### Problem requirements:
Go through the data and copy every line exactly, but not the images.

### Data extract:
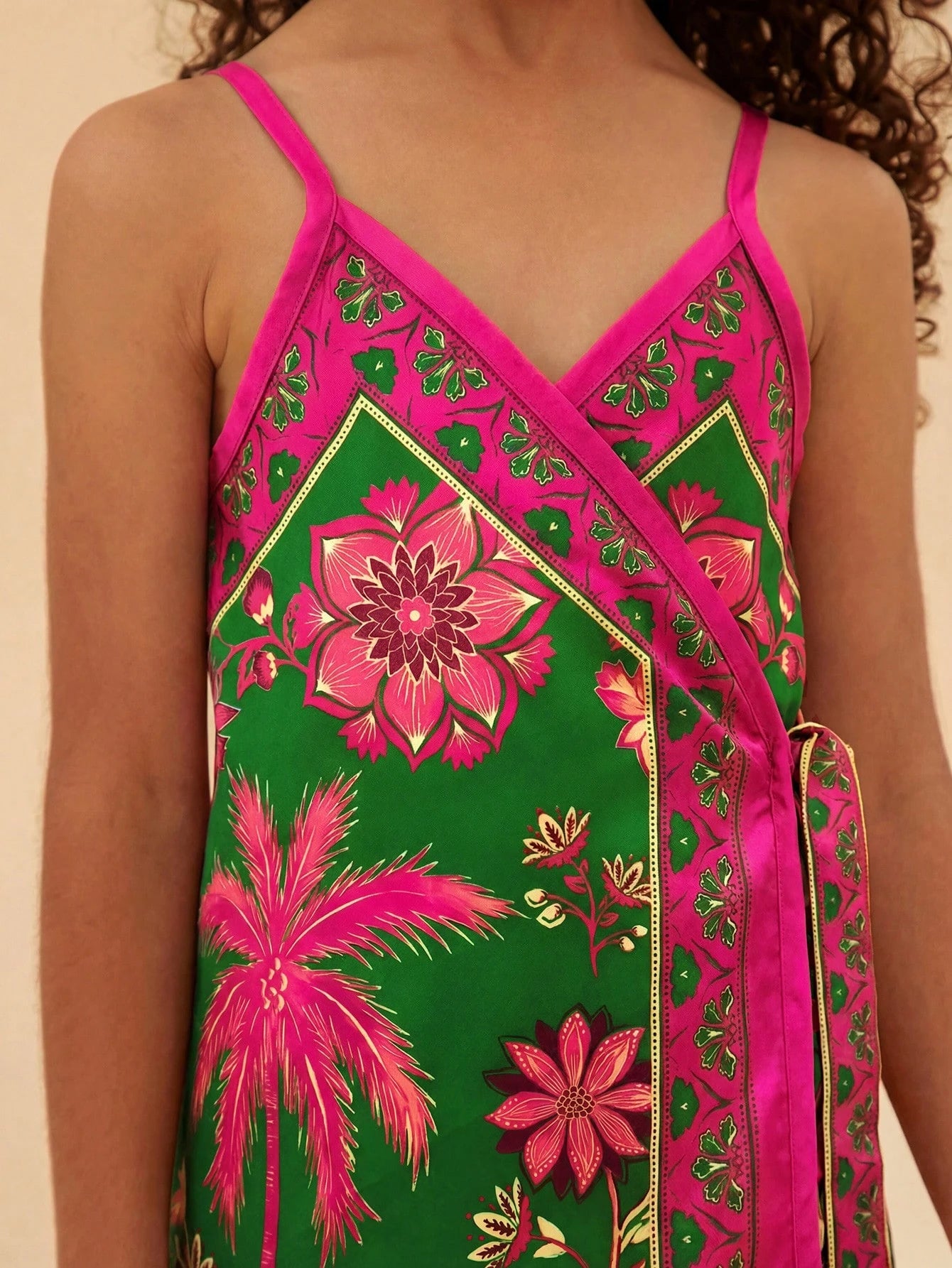 Girls Tropical Floral Wrap Cami Romper - Verdant | 21 Century Kids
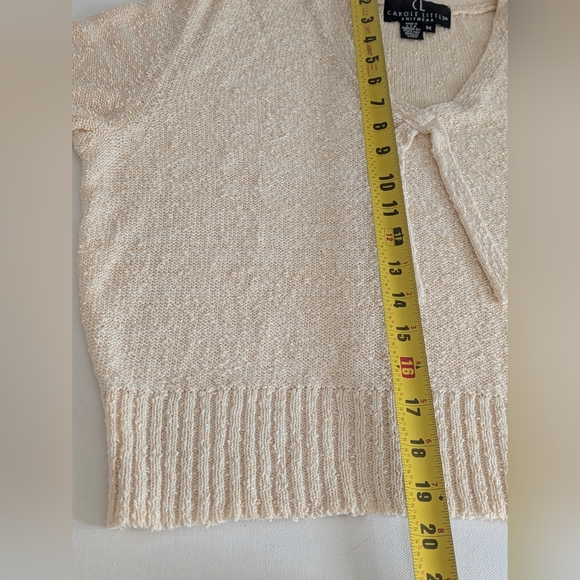 Vintage Carole Litty Boucle KNIT TOP Short Sleeve Yellow Cream Sz M 90s Feminine - Picture 11 of 12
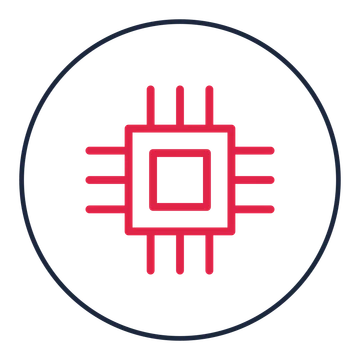 Microprocessor chip drawn as a medallion icon with clean rounded lines.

### Output of the task:
 Girls Tropical Floral Wrap Cami Romper - Verdant | 21 Century Kids
 Vintage Carole Litty Boucle KNIT TOP Short Sleeve Yellow Cream Sz M 90s Feminine - Picture 11 of 12
 Microprocessor chip drawn as a medallion icon with clean rounded lines.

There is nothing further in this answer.